§ The problem
Your reply must contain the lines from the one with "The Labors of" through the last line of the material, exact and complete, with no pictures and no other text.

§ Data below
- - -
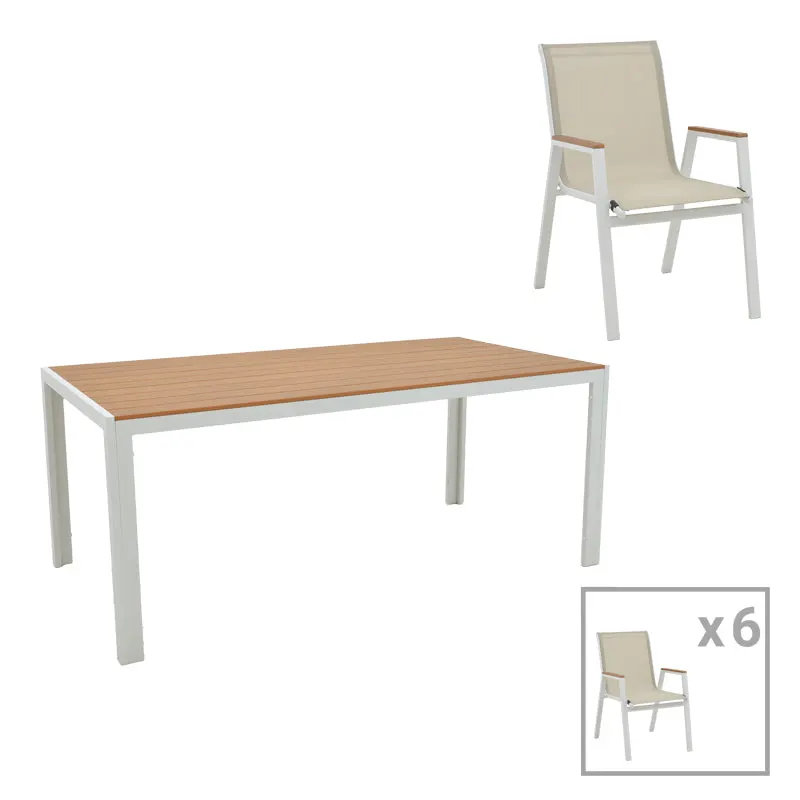Masa de sufragerie Nares-Azelie B set de 7 alb aluminiu si placaj, Natural, 180x90x72 cm - Alb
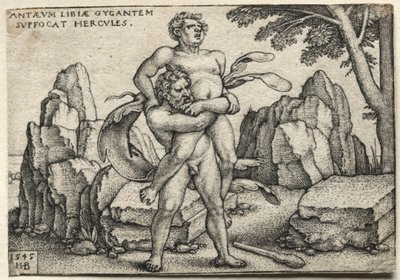 The Labors of Hercules: Hercules Crushing Antaeus by Hans Sebald Beham
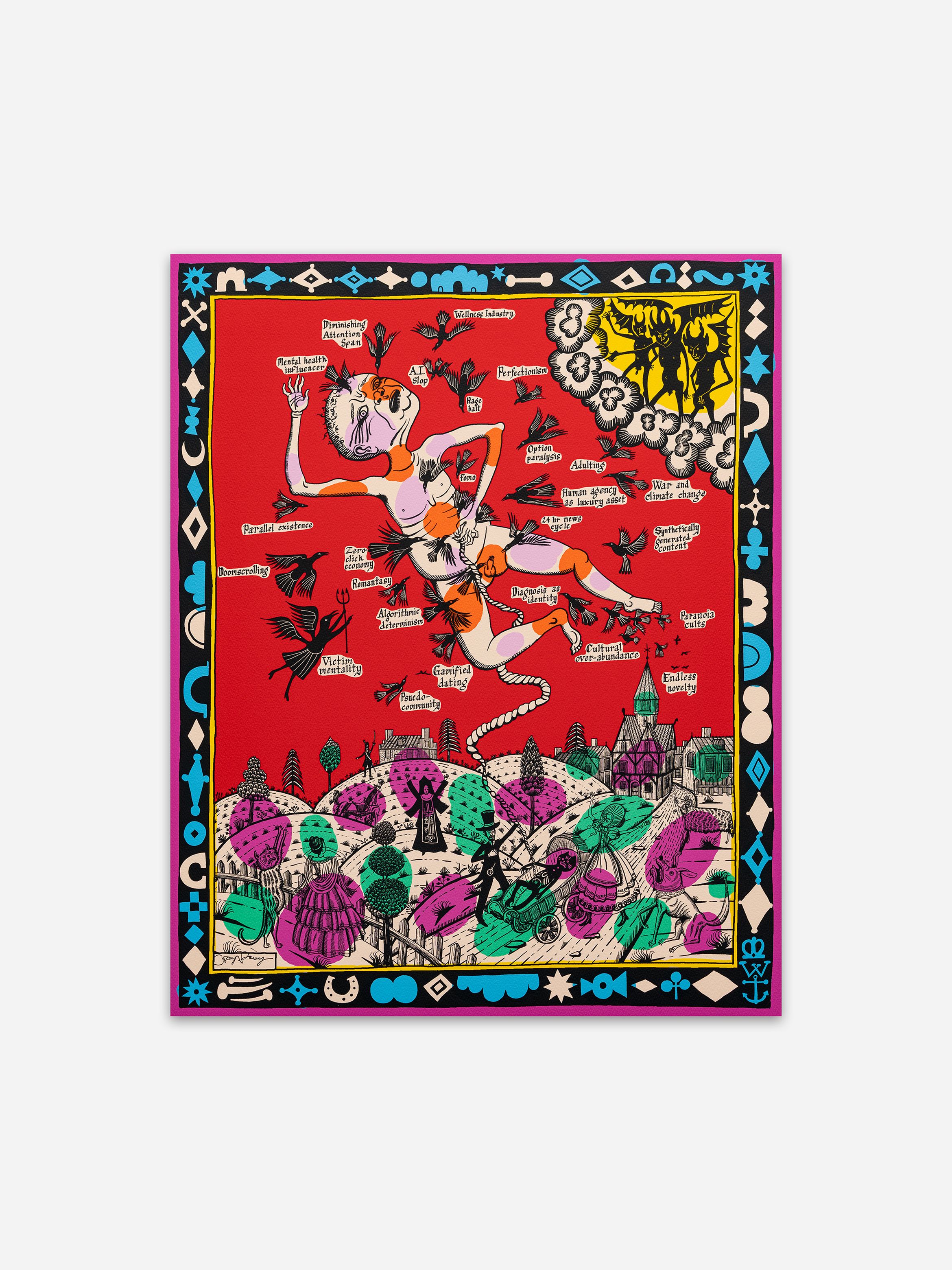 Colourful, whimsical artwork featuring a flying figure over a vibrant landscape with trees, animals, and various symbols against a red background.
- - -
§ Reply to the exercise
 The Labors of Hercules: Hercules Crushing Antaeus by Hans Sebald Beham
 Colourful, whimsical artwork featuring a flying figure over a vibrant landscape with trees, animals, and various symbols against a red background.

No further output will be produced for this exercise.